(Image-text web data)
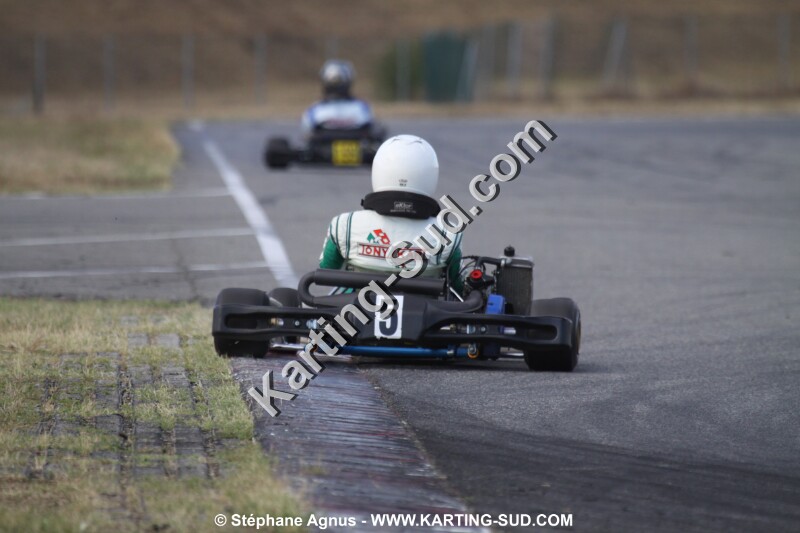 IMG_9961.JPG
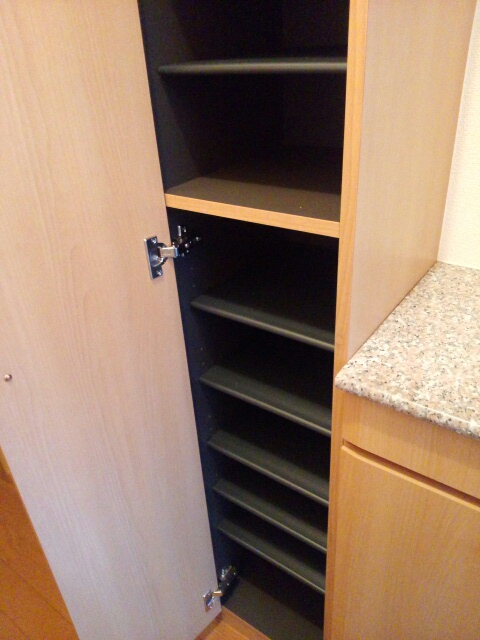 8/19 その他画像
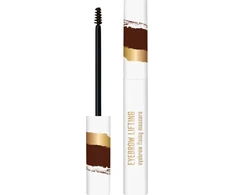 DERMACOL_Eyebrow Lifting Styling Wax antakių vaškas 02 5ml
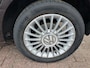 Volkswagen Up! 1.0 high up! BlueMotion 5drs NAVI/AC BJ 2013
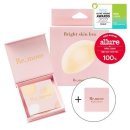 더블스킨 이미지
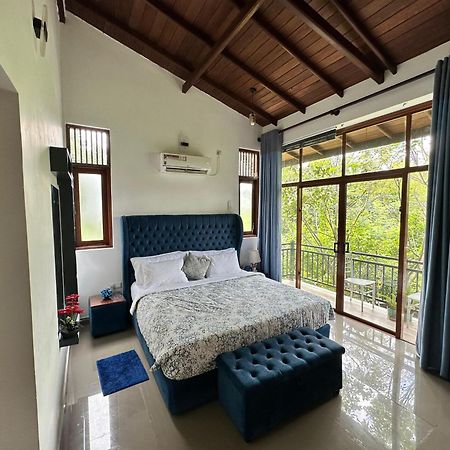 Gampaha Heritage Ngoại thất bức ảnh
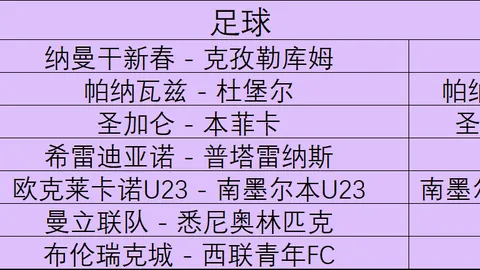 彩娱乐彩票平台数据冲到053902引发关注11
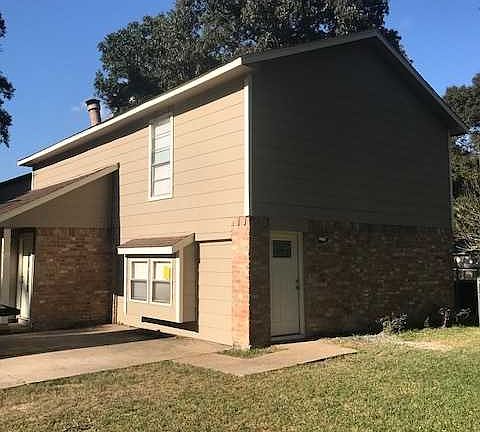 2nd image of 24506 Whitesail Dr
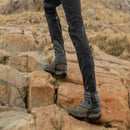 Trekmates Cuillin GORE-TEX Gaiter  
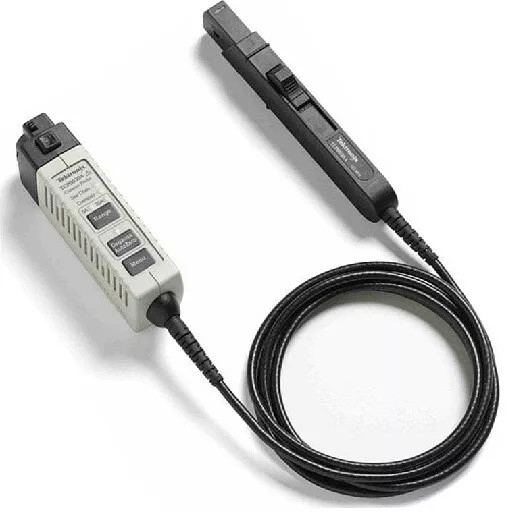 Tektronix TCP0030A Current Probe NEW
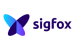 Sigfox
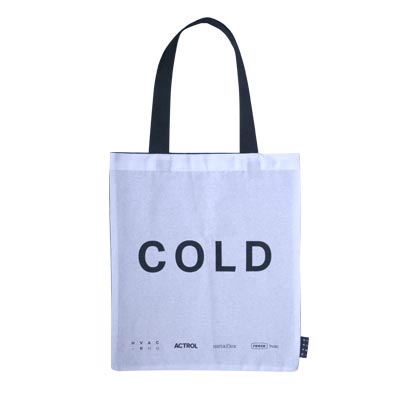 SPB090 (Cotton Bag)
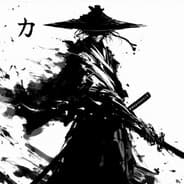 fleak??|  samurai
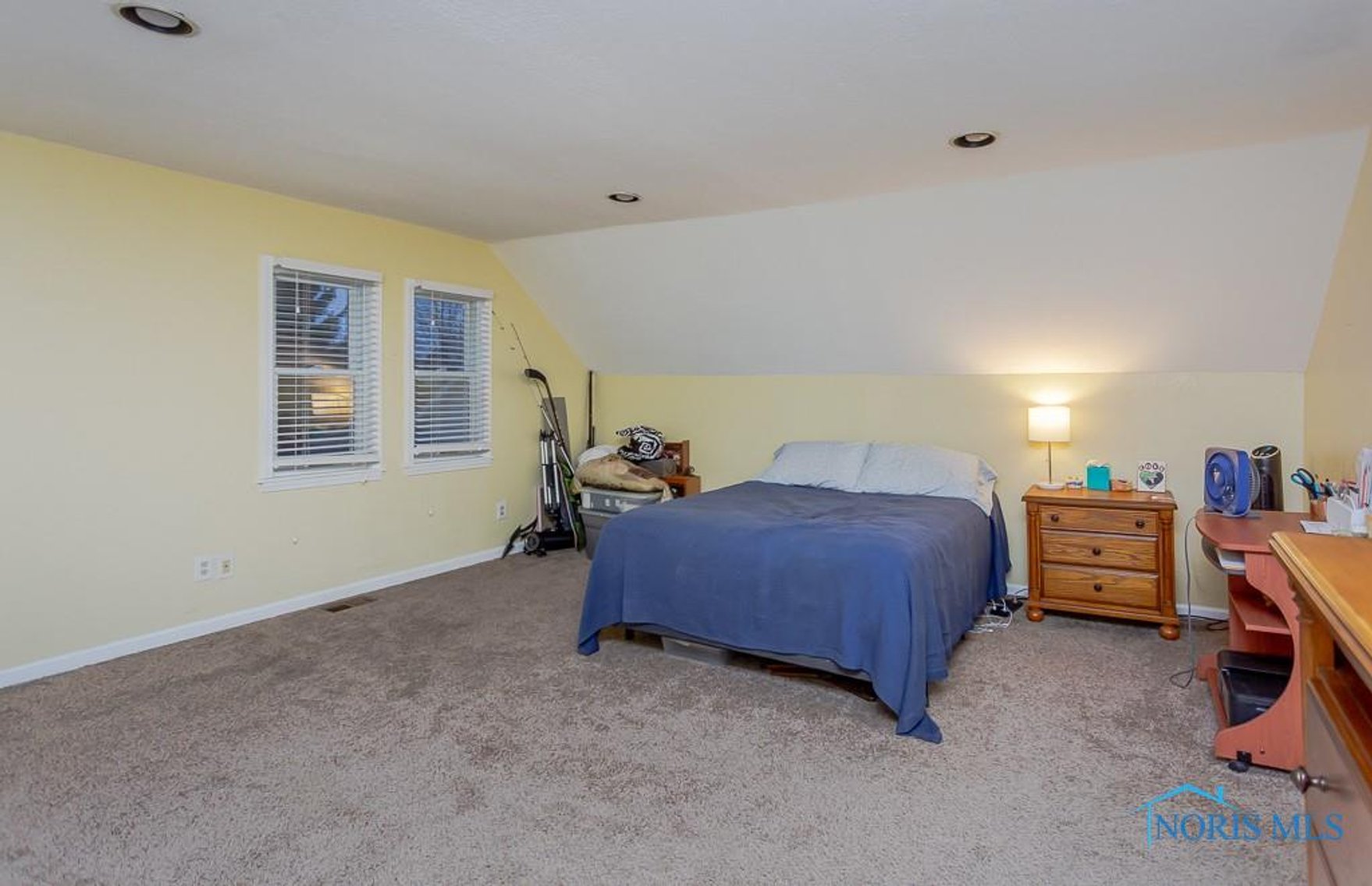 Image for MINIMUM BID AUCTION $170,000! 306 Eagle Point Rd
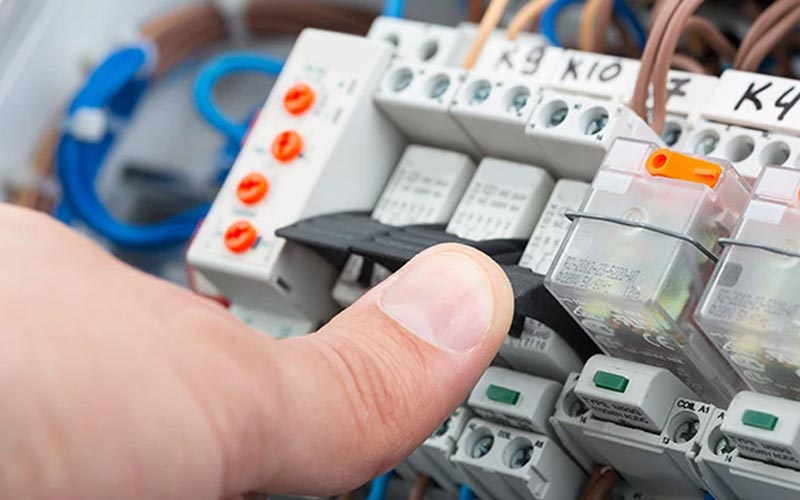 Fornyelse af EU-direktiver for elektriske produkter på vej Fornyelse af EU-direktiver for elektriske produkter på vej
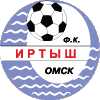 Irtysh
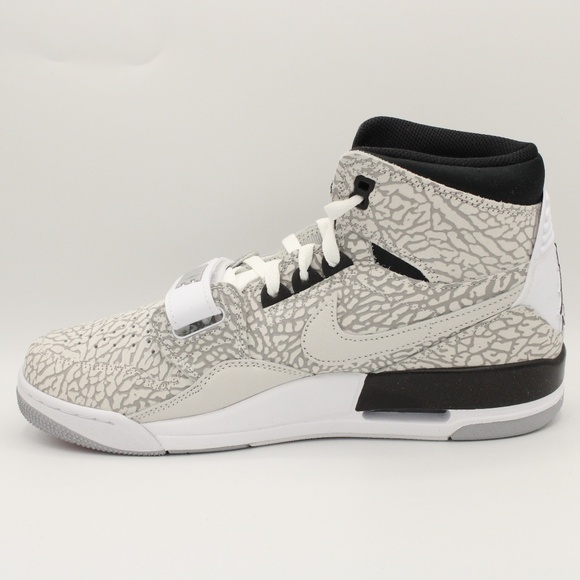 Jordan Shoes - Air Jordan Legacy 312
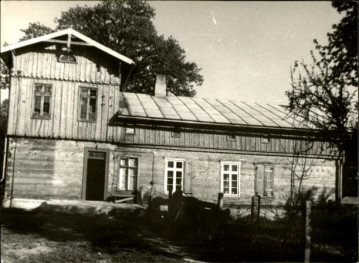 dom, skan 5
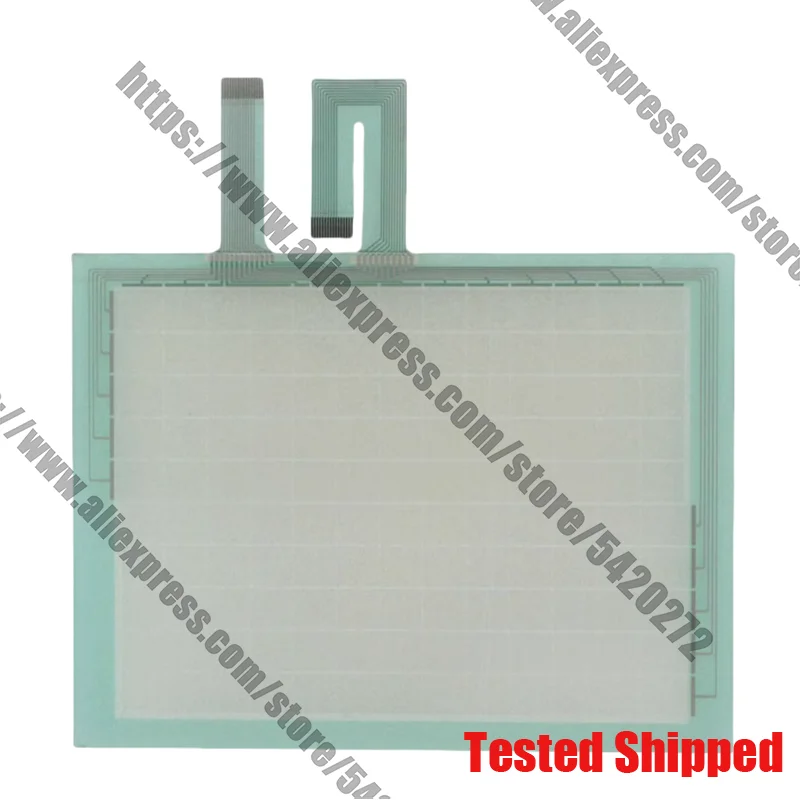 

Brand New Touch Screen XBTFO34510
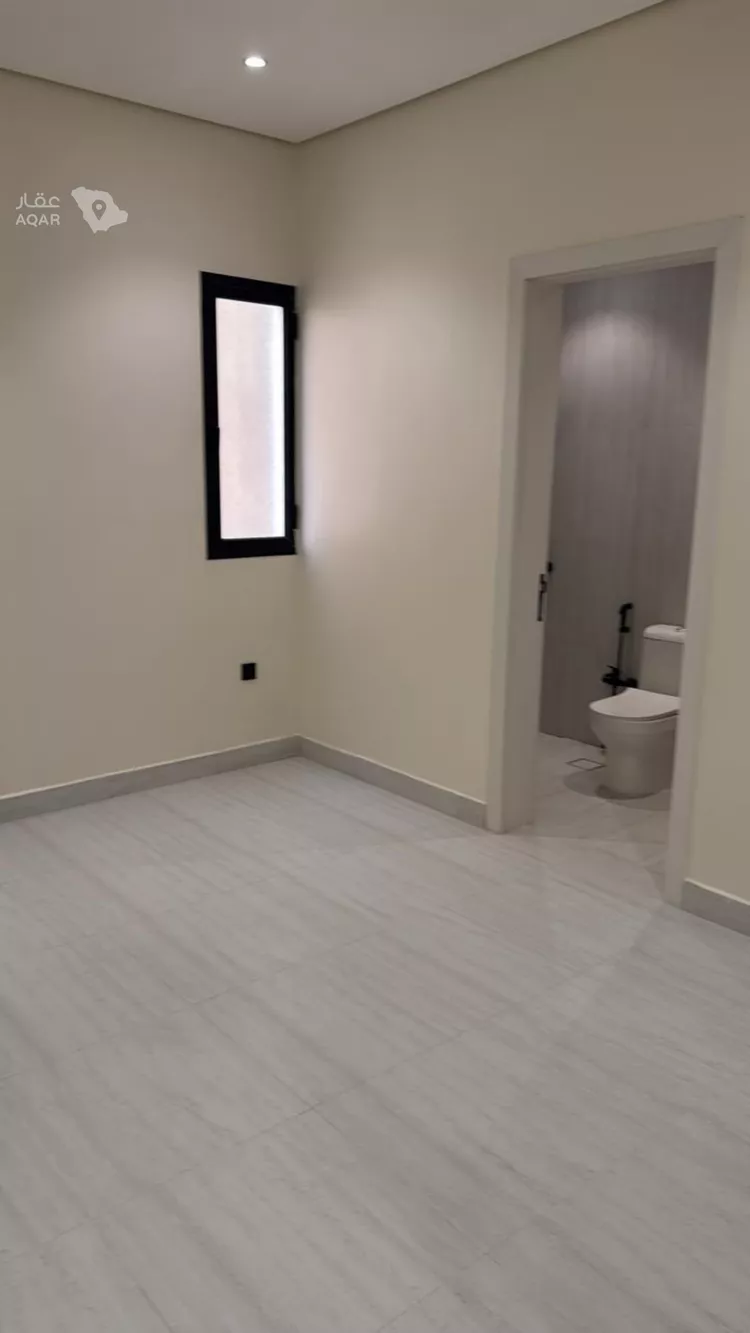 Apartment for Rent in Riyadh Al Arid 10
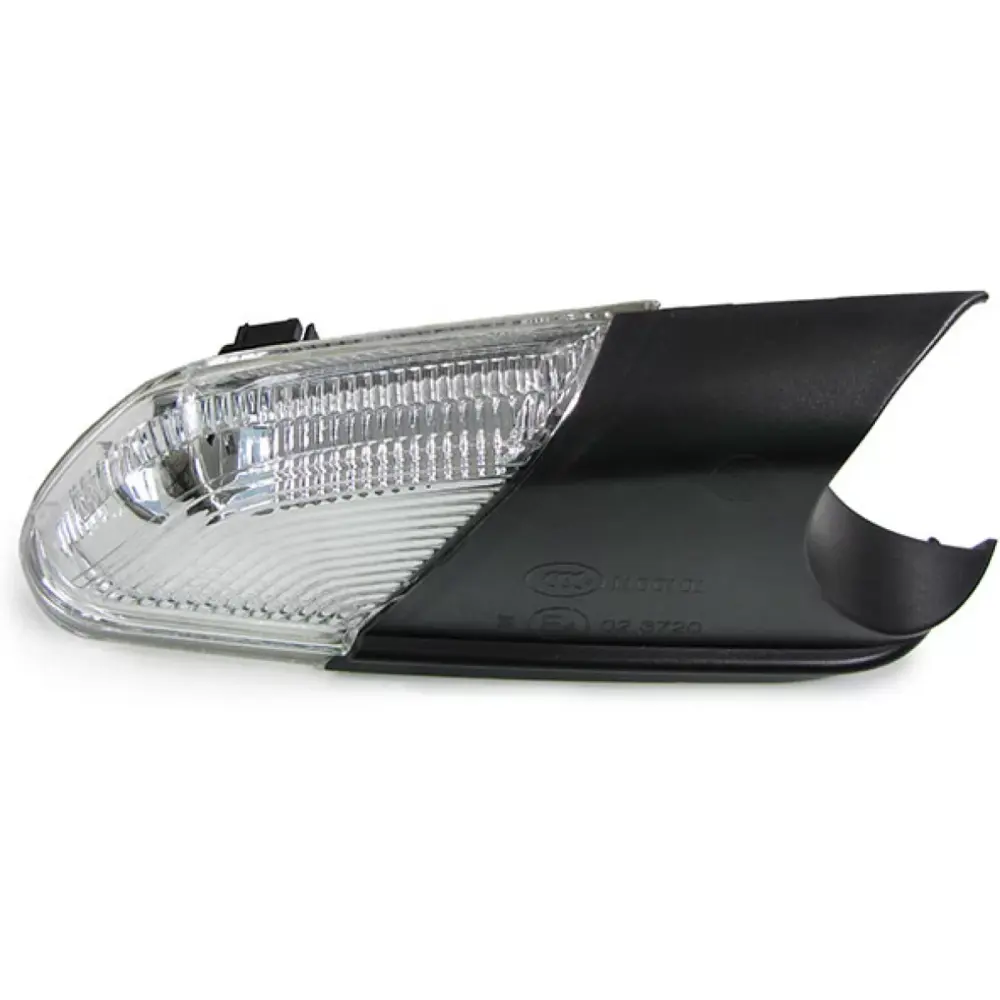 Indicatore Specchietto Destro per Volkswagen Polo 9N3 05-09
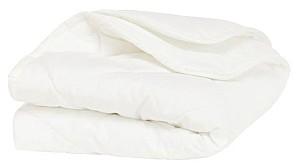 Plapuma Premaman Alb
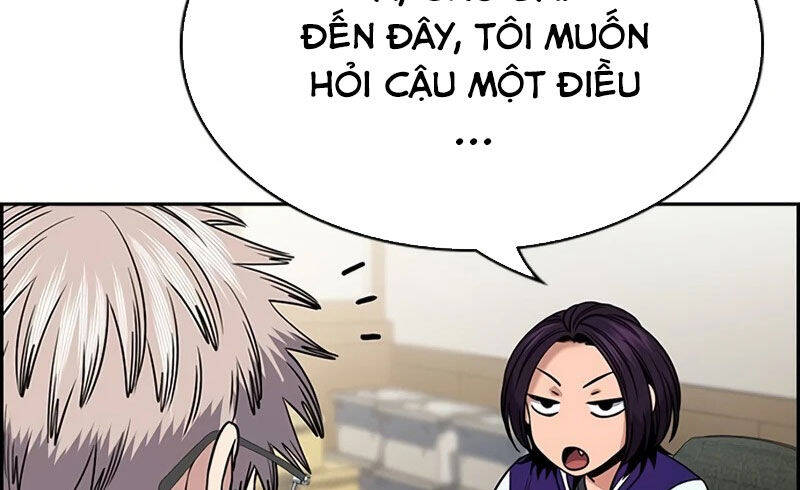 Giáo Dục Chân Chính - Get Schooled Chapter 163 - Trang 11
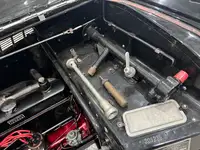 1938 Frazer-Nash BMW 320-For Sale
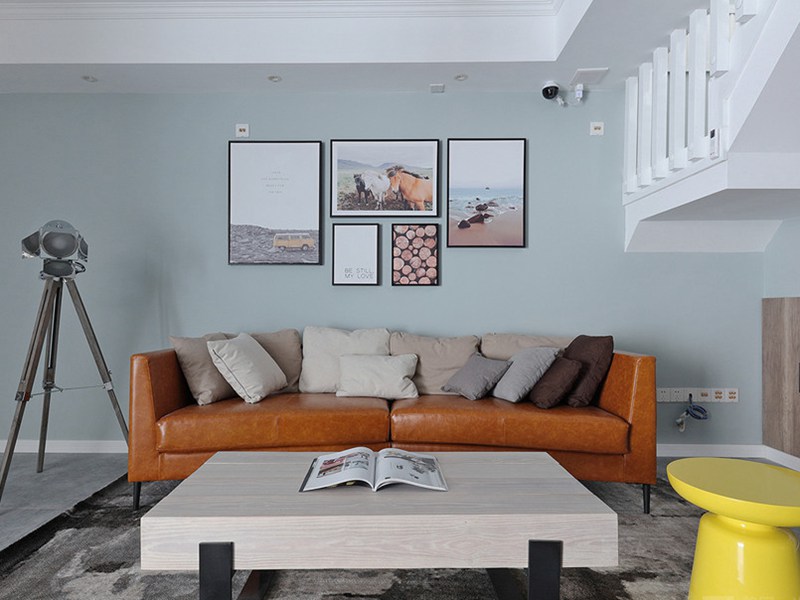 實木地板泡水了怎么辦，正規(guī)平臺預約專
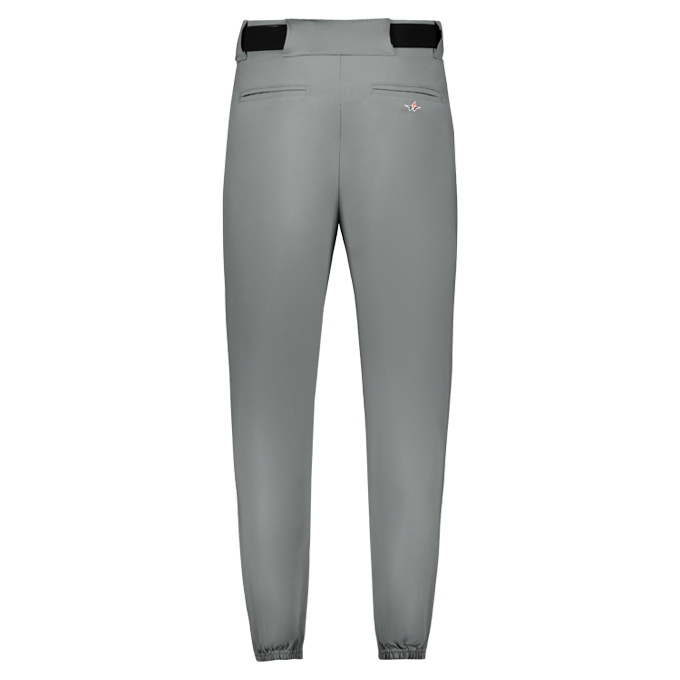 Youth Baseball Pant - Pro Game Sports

■ Work instructions:
Nothing but the lines above, starting at the line that contains "Trekmates Cuillin GORE-TEX Gaiter" and ending at the line that contains "Brand New Touch Screen XBTFO34510", should be given again, exactly and without the pictures.

■ Answer space:
 Trekmates Cuillin GORE-TEX Gaiter  
 Tektronix TCP0030A Current Probe NEW
 Sigfox
 SPB090 (Cotton Bag)
 fleak??|  samurai
 Image for MINIMUM BID AUCTION $170,000! 306 Eagle Point Rd
 Fornyelse af EU-direktiver for elektriske produkter på vej Fornyelse af EU-direktiver for elektriske produkter på vej
 Irtysh
 Jordan Shoes - Air Jordan Legacy 312
 dom, skan 5

Brand New Touch Screen XBTFO34510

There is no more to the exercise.